Here is a (contrived) situation where a satisficer would need to rewrite.
Sally the Satisficer gets invited to participate on a game show. The game starts with a coin toss. If she loses the coin toss, she gets 8 paperclips. If she wins, she gets invited to the Showcase Showdown where she will first be offered a prize of 9 paperclips. If she turns down this first showcase, she is offered the second showcase of 10 paper clips (fans of The Price is Right know the second showcase is always better).
When she first steps on stage she considers whether she should switch to maximizer mode or stick with her satisficer strategy.

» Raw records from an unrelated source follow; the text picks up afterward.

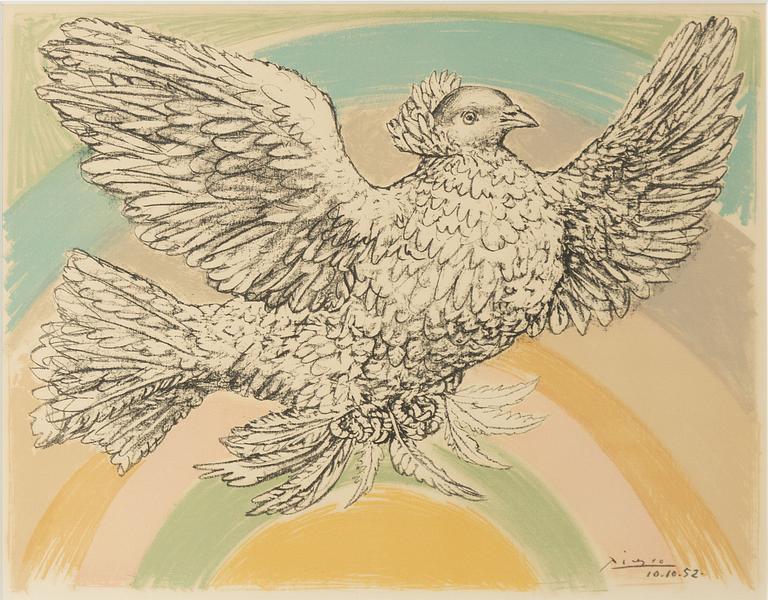 Pablo Picasso, efter, "Colombe volant (À l'arc-en-ciel)".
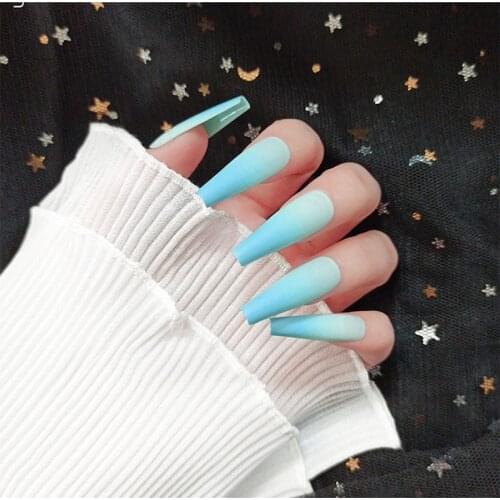 24pcs/Set Long Matte Fake Nails Pre-design Square Blue Gradient Ballerina Nail Decoration Art Tips Manicure Tools with Glue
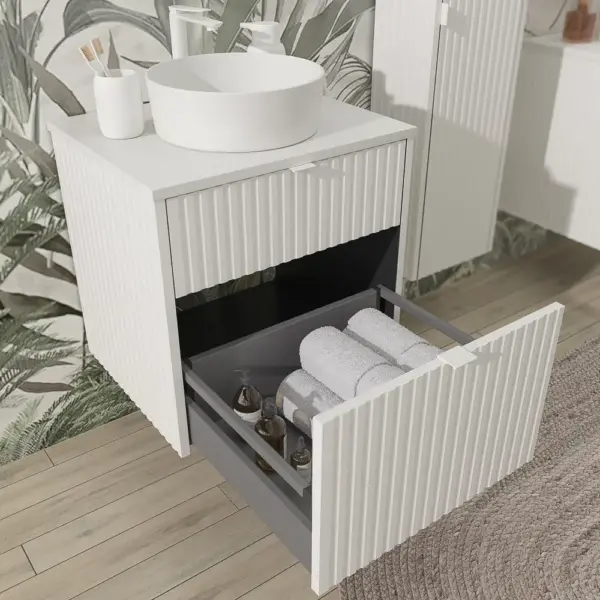 Mueble de baño TREX suspendido 2 cajones BLANCO - Imagen 5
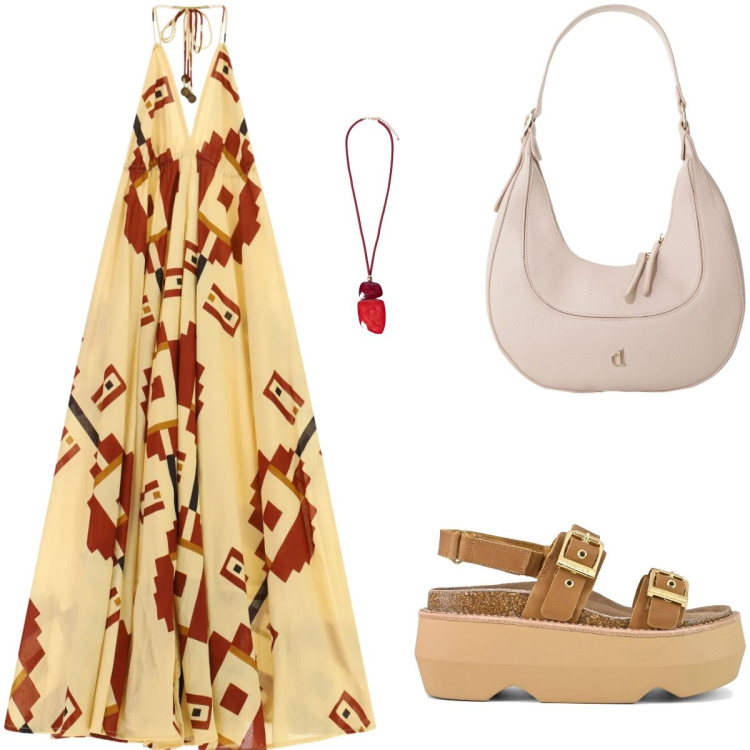 Outfit donna - Estate da sogno. Stile Boho per Serata fuori. Abbinamento con borse a tracolla, vestiti lunghi, ciondoli, sandali col tacco.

As a satisficer, she knows that if she wins the coin toss she won’t be able to refuse the 9 paperclip prize since it satisfies her target expected utility of 9. So her expected utility as a satisficer is (1/2) 8 + (1/2) 9 = 8.5. If she won the flip as a maximizer, she would clearly pass on the first showcase and receive the second showcase of 10 paperclips. Thus her expected utility as a maximizer is (1/2) 8 + (1/2) 10 = 9. Switching to maximizer mode meets her target while remaining a satisficer does not, so she rewrites herself to be a maximizer.
Ah, good point. So “picking the best strategy, not just the best individual moves” is similar to self-modifying to be a maximizer in this case.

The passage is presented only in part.